Ça c’est vraiment l’idée même du Festival Salam’Aleykoum. C’est exactement cela ce que tu viens de décrire mais cet aspect est aussi présent sur d’autres projets. Par exemple à l’occasion de l’opération « 50 ans de d’immigration marocaine », on a fait une pièce qui s’appelle « Li Fet Met » qui continue à tourner. « Li Fet Met » veut dire littéralement « le passé est mort » et donc c’est une pièce de théâtre-action où on joue une première fois quelques scènes avec à chaque fois une issue dramatique négative, puis on le rejoue avec le public pour trouver des solutions. Et donc, on est là dans une famille d’origine marocaine, qu’on peut voir par extension comme une famille issue de l’immigration tout court. On a le grand-père, que j’interprète, qui ne parle que la langue du pays d’origine, le petit-fils qui ne parle que la langue du pays d’accueil, la Belgique. Les parents qui sont au milieu doivent jouer un rôle de transmission. Un jour, on demande aux enfants de faire un devoir sur l’immigration à l’école.

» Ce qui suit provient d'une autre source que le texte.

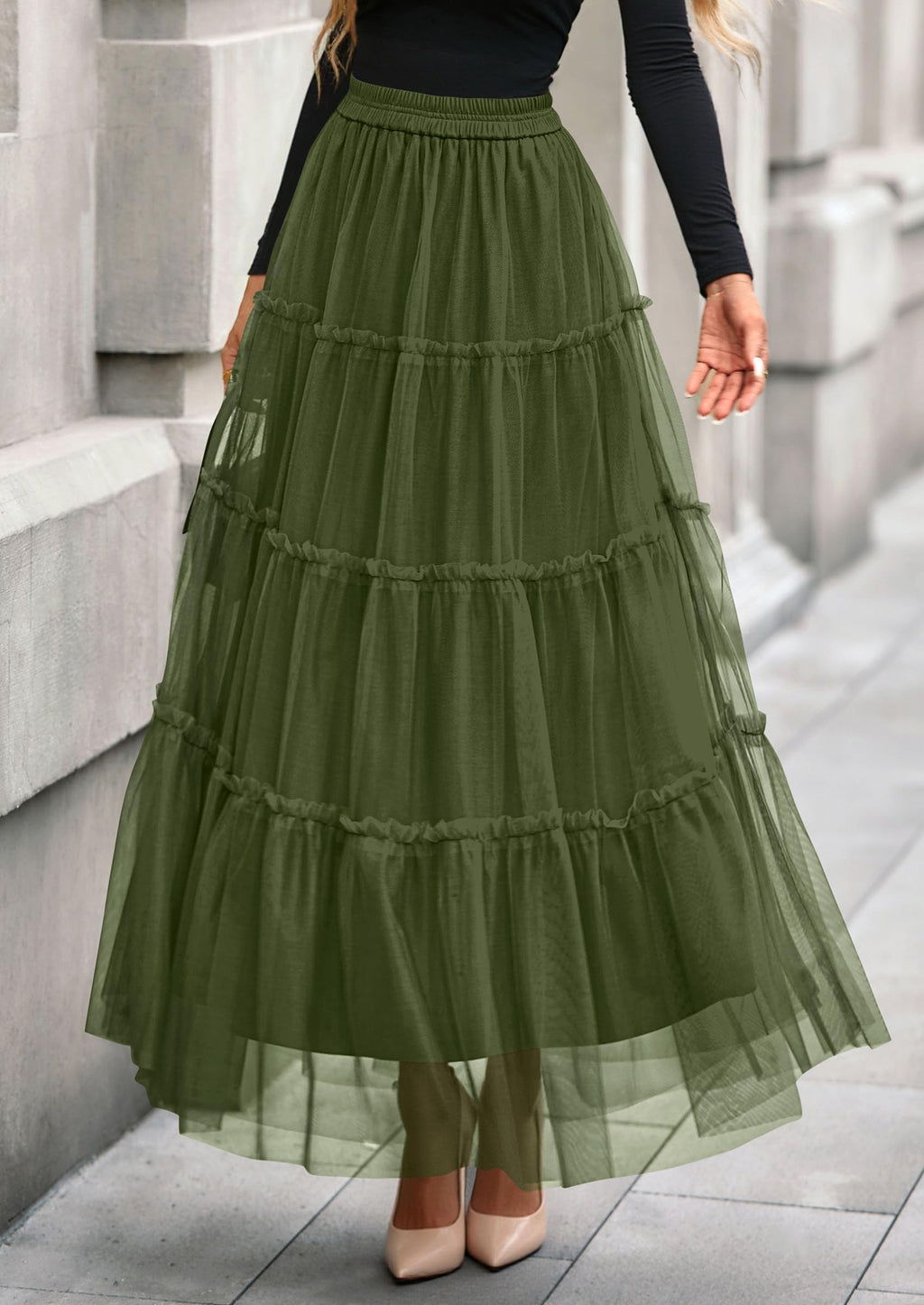 PRETTYGARDEN Tulle Skirts for Women Fall Fashion Elastic High Waisted Fairy Tiered Flowy A-Line Casual Maxi Long Skirt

Mais le petit-fils est incapable de communiquer avec son grand-père parce qu’ils ne parlent pas la même langue. Et puis le grand-frère rentre, il veut que sa mère lui fasse à manger, elle est en train de regarder une série. Le père n’est pas là parce qu’il travaille la nuit. Donc, il y a tout un imbroglio qui est assez sympathique à dénouer. Une bloggeuse qui a assisté à cette pièce a chroniqué la pièce en disant que c’était un bon moyen de voir comment cela se passe dans une famille issue de l’immigration, que c’était non seulement marrant mais qu’en plus c’était participatif. Et de fait, on a des jeunes qui disent : « je pense que le problème, c’est que la mère devrait être plus disponible pour untel ». Nous, on lui dit : « Viens monte, et prend la place de la mère » — et on rejoue la séquence, évidemment on l’aide un peu à comprendre… on exerce un peu la pression — c’est le concept du théâtre-action avec un opprimé et un oppresseur. Et c’est intéressant comment il le vit sur scène. Il y en a qui disent : « je ne me rendais pas compte de ce que c’était en fait, ma mère, je devrais lui embrasser les pieds tous les jours parce que c’est impressionnant tout ce qu’elle doit faire ! »

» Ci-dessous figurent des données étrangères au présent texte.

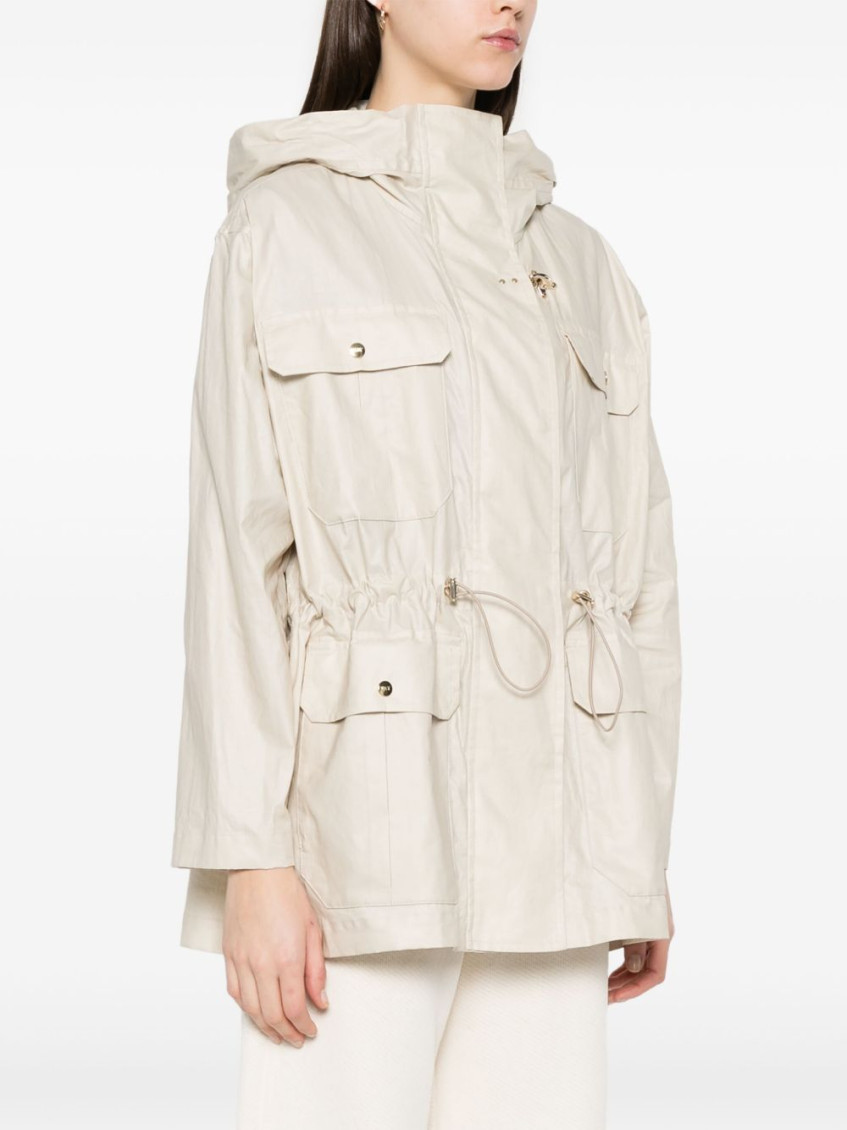 - Linen And Cotton Blend Parka Coat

Et donc, on est là pour parler de quelque chose mais on n’est pas en train de stigmatiser mais on essaye d’apporter des solutions. C’est une pièce qui marche très fort, beaucoup de femmes y assistent, et y participent. Cela permet de faire et de dire sur scène des choses qu’on ne peut peut-être pas dire dans la vie de tous les jours parce que dans la vie de tous les jours on fait comme toujours…

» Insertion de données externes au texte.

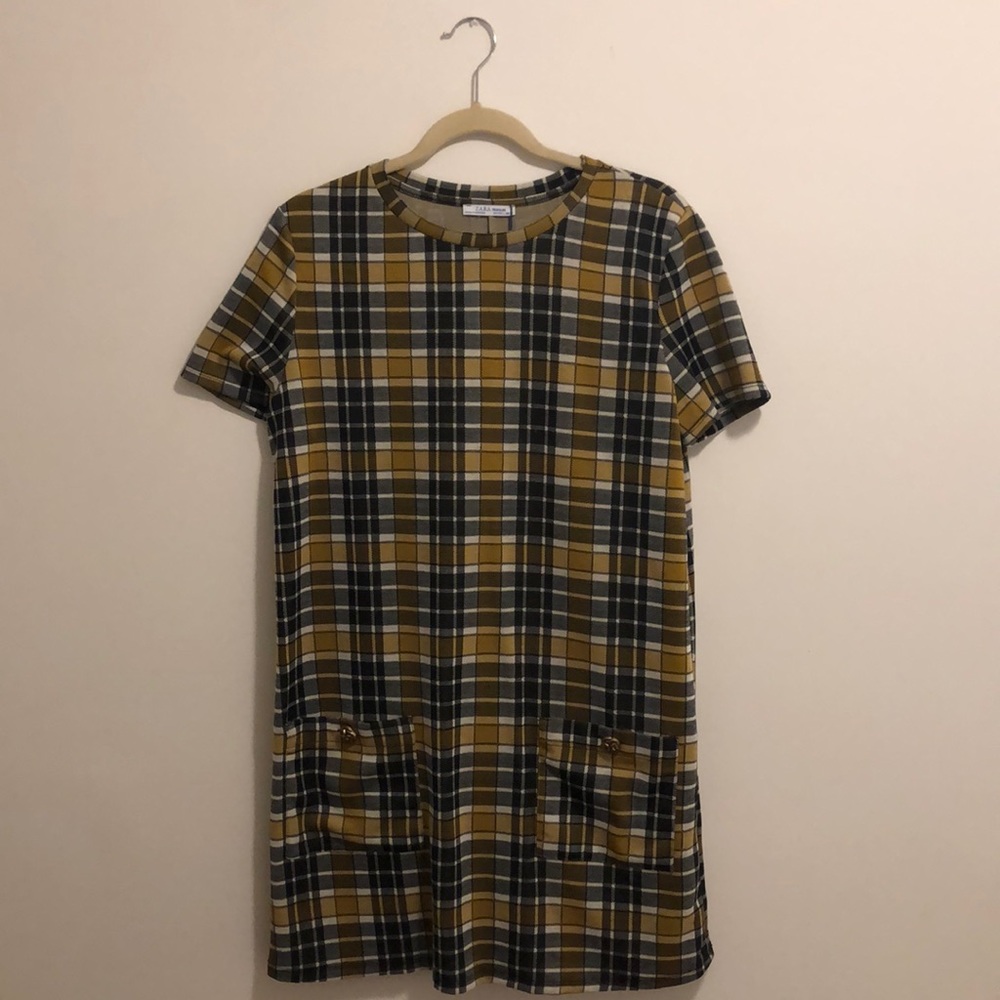 Zara Trafaluc Plaid Dress NWT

Et que ça traite de problématiques qui parlent à vos publics mais qui n’apparaissent jamais dans les médias.
Exactement. Si c’était un reportage à la télé, on y aurait dit « Oh la la, la domination patriarcale ». Nous, nous avons une autre approche. Si le mari n’est jamais là, c’est aussi parce qu’il fait un travail de nuit parce que c’est le seul travail qu’il a pu obtenir avec ses qualifications. Et puis lui sa « mission », c’est comme cela qu’il a été éduqué, c’est de pourvoir au besoin matériel de sa femme. On essaie de raconter un peu les personnages et de se mettre à leur place, et puis de là, de bouger les lignes et de trouver des solutions. Quelquefois, on a des spectateurs qui disent que « ok, que c’est ça qu’il faut faire mais je ne le ferai pas parce que ce n’est pas réaliste ». Il faut alors travailler sur ce pourquoi ils disent qu’ils ne le feront pas. Sur ce « ce n’est pas réaliste qu’on change les rôles à ce point dans le foyer ». Dans tous les cas, placer les gens dans la situation, ça met le truc en question quand même, ça sème au moins une petite graine.